■ WORK ORDER
Set down exactly the lines running from the one with "Switching over to" to the last line of the listing below, both included, and skip every picture.

━━━ EXERCISE INPUT ━━━

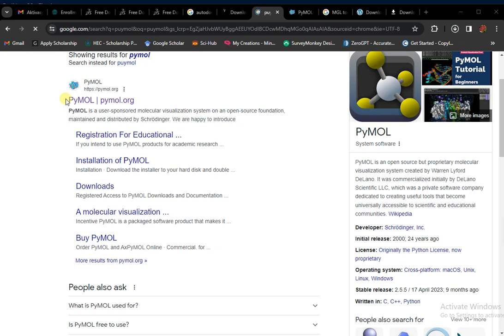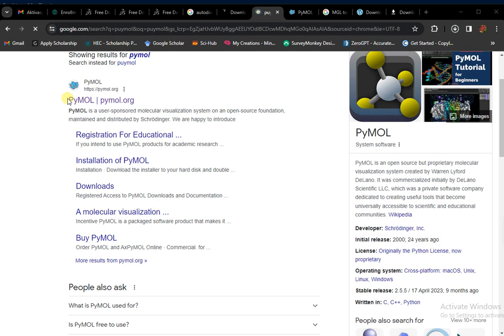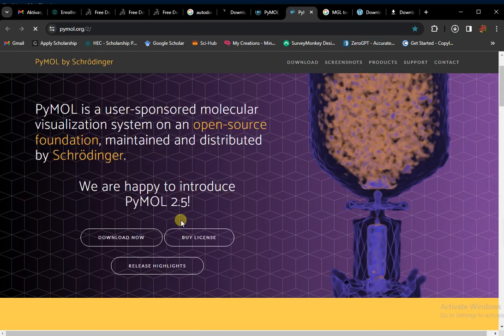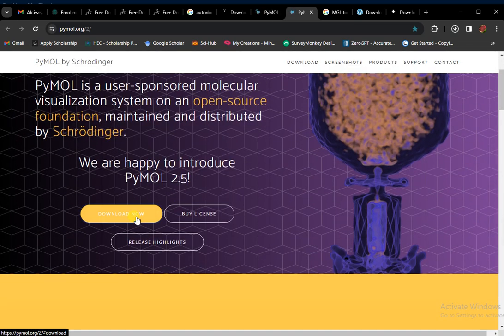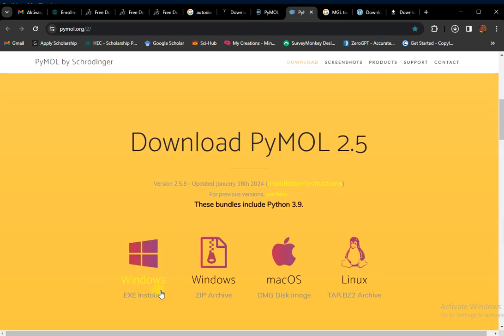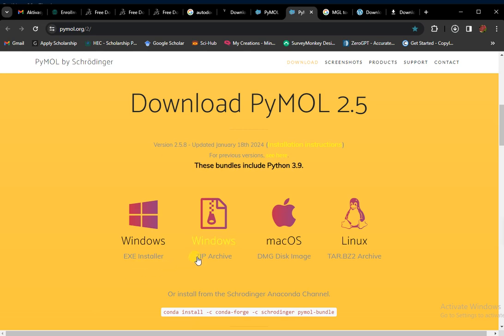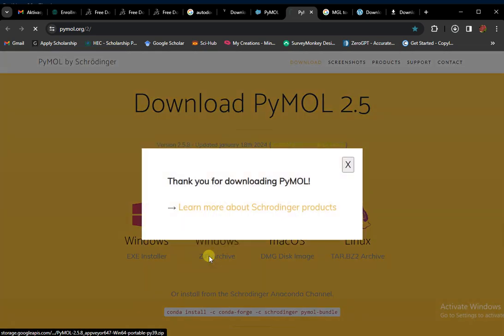The next software to download is PyMOL. Simply type PyMOL on Google and open the first website, which is the official PyMOL website from where you can download it. Tap on it — this type of website will open. As I am using Windows, I download the Windows zip archive file.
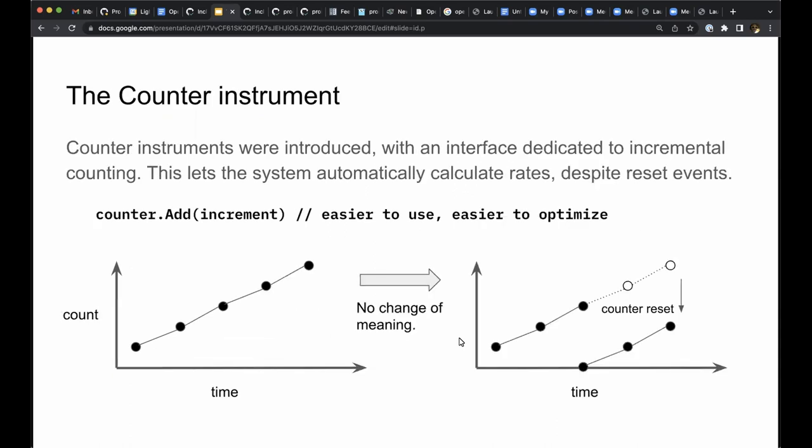Back then, around 10 years ago, there were a couple of changes in metrics interfaces. The counter instrument was introduced with an interface dedicated to counting. This is a convenience for the programmer since they no longer have to track a running total. This also made it easier for the metric system to correctly compute rates. The semantics of a counter instrument are that resets are not meaningful.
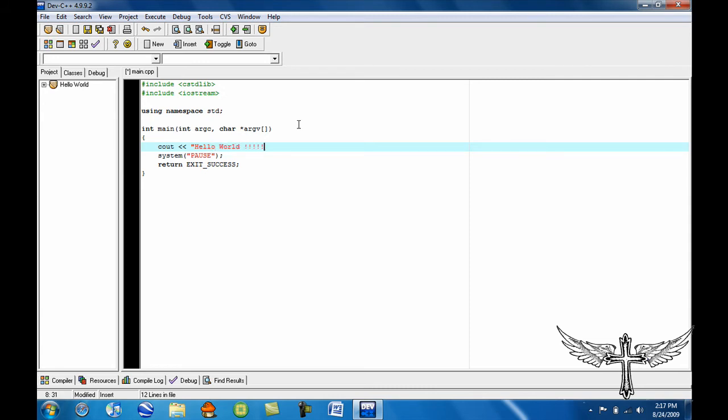Mine is Hello World, so that's what I'm making. And you do the same arrows again, and you hit E N D L.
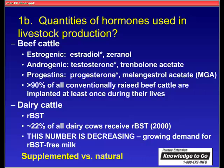Switching over to dairy cattle, the hormone used most is RBST. A 2000 estimate predicted that around 22% of all dairy cows in the United States received RBST. This number is decreasing rapidly as there is a growing demand for RBST-free milk. We'll also see that there are many natural hormones excreted from animals in the same way that supplemented hormones are, and these can also have an environmental effect.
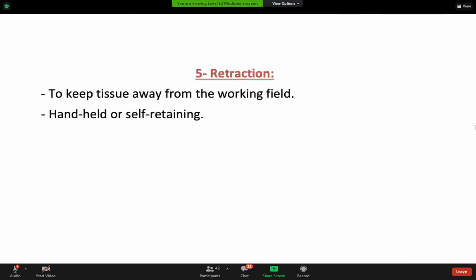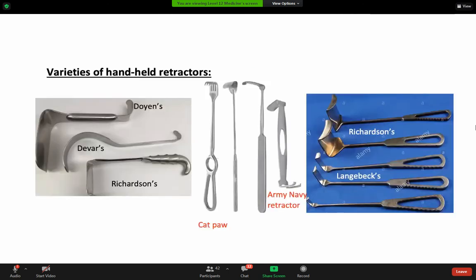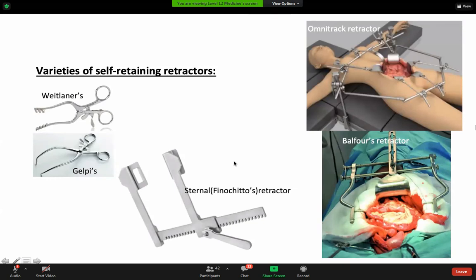Retraction instruments can be handheld or self-retaining. Handheld retractors include many types, such as the Deaver retractor. We also have self-retaining retractors that can be used to retract tissue without an assistant holding them.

━━━

■ SOLVED EXERCISE
Switching over to dairy cattle, the hormone used most is RBST. A 2000 estimate predicted that around 22% of all dairy cows in the United States received RBST. This number is decreasing rapidly as there is a growing demand for RBST-free milk. We'll also see that there are many natural hormones excreted from animals in the same way that supplemented hormones are, and these can also have an environmental effect.
Retraction instruments can be handheld or self-retaining. Handheld retractors include many types, such as the Deaver retractor. We also have self-retaining retractors that can be used to retract tissue without an assistant holding them.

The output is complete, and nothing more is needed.